Rôle de l'espace périvitellin

L'espace périvitellin, formé par le décollement de la zone pellucide lors de la réaction corticale, joue un rôle essentiel dans la fécondation et le développement embryonnaire précoce. Il sert de barrière physique pour empêcher la polyspermie, en modifiant la structure de la zone pellucide et en empêchant d'autres spermatozoïdes de pénétrer dans l'ovocyte. De plus, il permet l'accumulation de substances sécrétées par l'ovocyte, qui sont importantes pour le développement embryonnaire précoce.

Fécondation et activation de l'ovocyte

Activation de l'ovocyte

La pénétration du spermatozoïde provoque dans l'ovocyte de profonds changements, notamment l'activation de l'ovocyte. L'activation est identique à celle utilisée par les hormones, mettant en jeu une protéine G qui active la phospholipase C et son cortège classique (activation des seconds messagers) qui aboutit, in fine, à l'entrée des ions Ca++ dans la cellule qui provoque à son tour l'activation d'une phospholipase A2 (PLA2). Il semblerait que la progestérone ne soit pas étrangère à ce phénomène car son taux augmente légèrement avant l'ovulation.

Rôle des molécules d'adhésion

Après la rupture de la liaison membrane interne de l'acrosome-ZP2, des molécules d'adhésion, entre autres, la PH-20 qui est une SPAM (Sperm Adhesion molecule) de la famille des CAM (Cell Adhesion Molecules) qui est fixée par le GPI (glyosylphosphatidylinositol) à la membrane acrosomique interne, interviennent.

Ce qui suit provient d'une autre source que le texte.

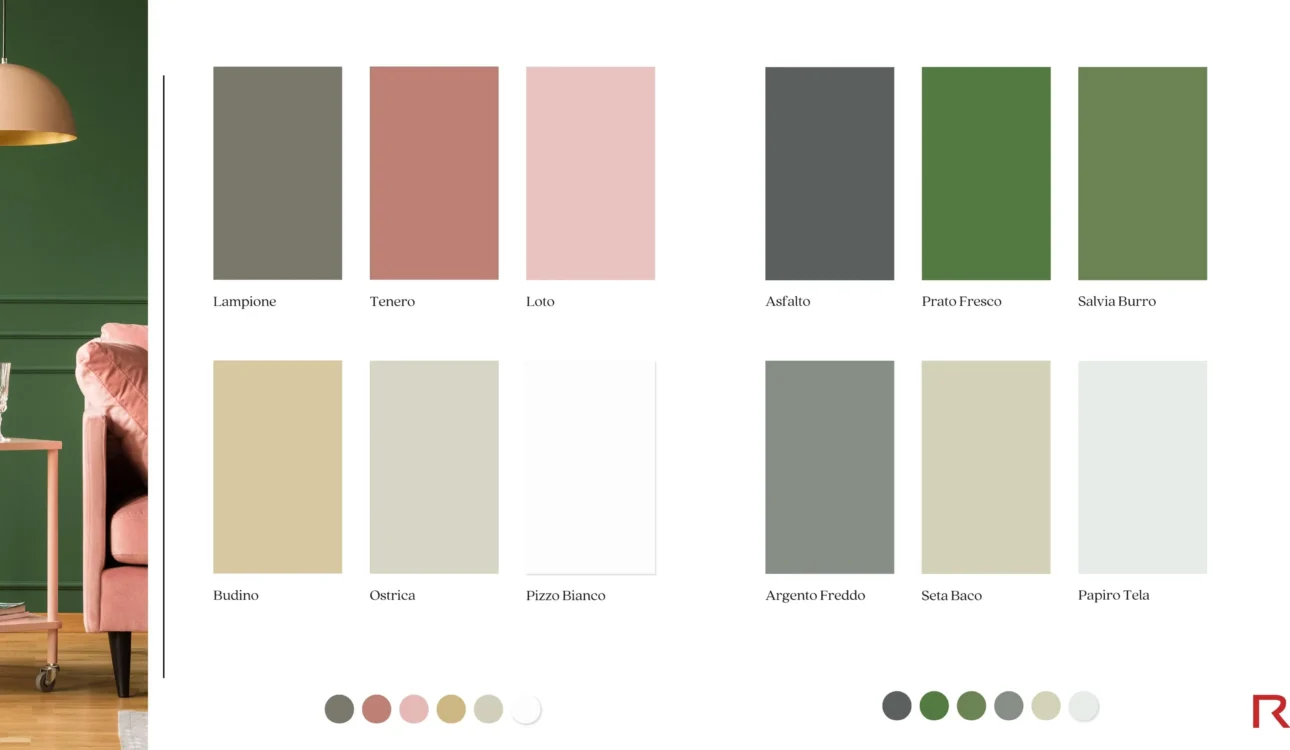 Perfect Kitchen Colours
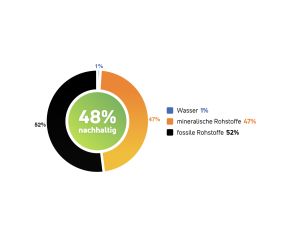 hesse_4755-9343_fantasticfill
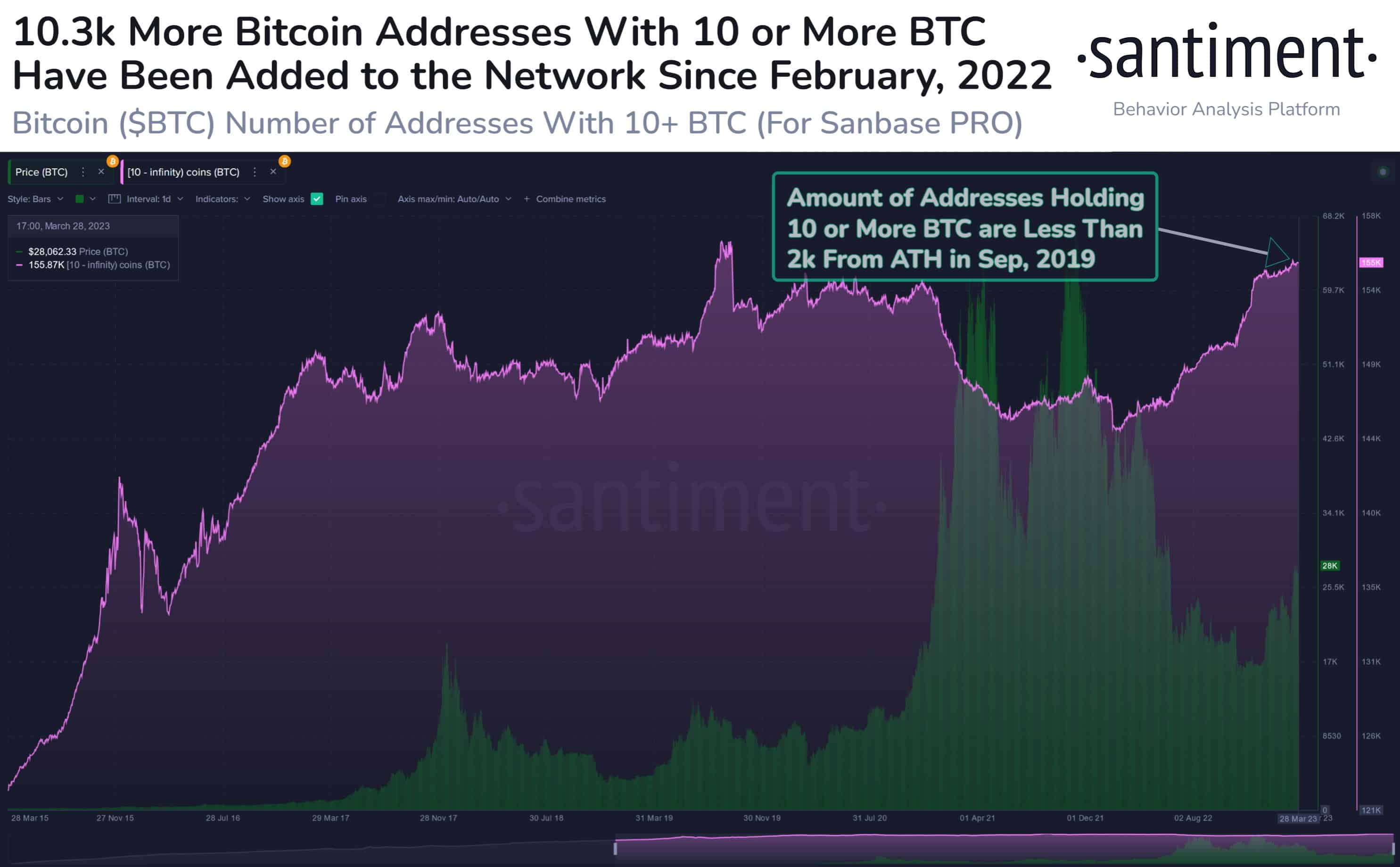 Bitcoin price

Reprise de la méiose et formation des pronuclei

Au moment de la fécondation, l'ovocyte est bloqué en métaphase de la deuxième division de maturation. Après la pénétration du spermatozoïde, le deuxième globule polaire est émis. La tête spermatique se gonfle par hydratation. Le perforateur se détache et le noyau mâle, ou pronucleus mâle, s’entoure d’une nouvelle membrane qui se différencie à partir de l’ergastoplasme de l’ovule. Des nucléoles apparaissent, augmentent de taille et fusionnent. Les deux pronuclei continuent à augmenter de volume, puis s’acheminent l’un vers l’autre vers le centre de l’ovule. Quand les deux pronuclei sont en contact, les membranes nucléaires deviennent irrégulières et disparaissent. La fusion des noyaux, ou amphimixie, a lieu. Puis le fuseau de division apparaît à la suite du dédoublement du spermaster, qui institue dans l’œuf un état dicentrique à la faveur duquel les chromosomes s’individualisent ; l’œuf fécondé se divise alors en deux cellules, ou blastomères.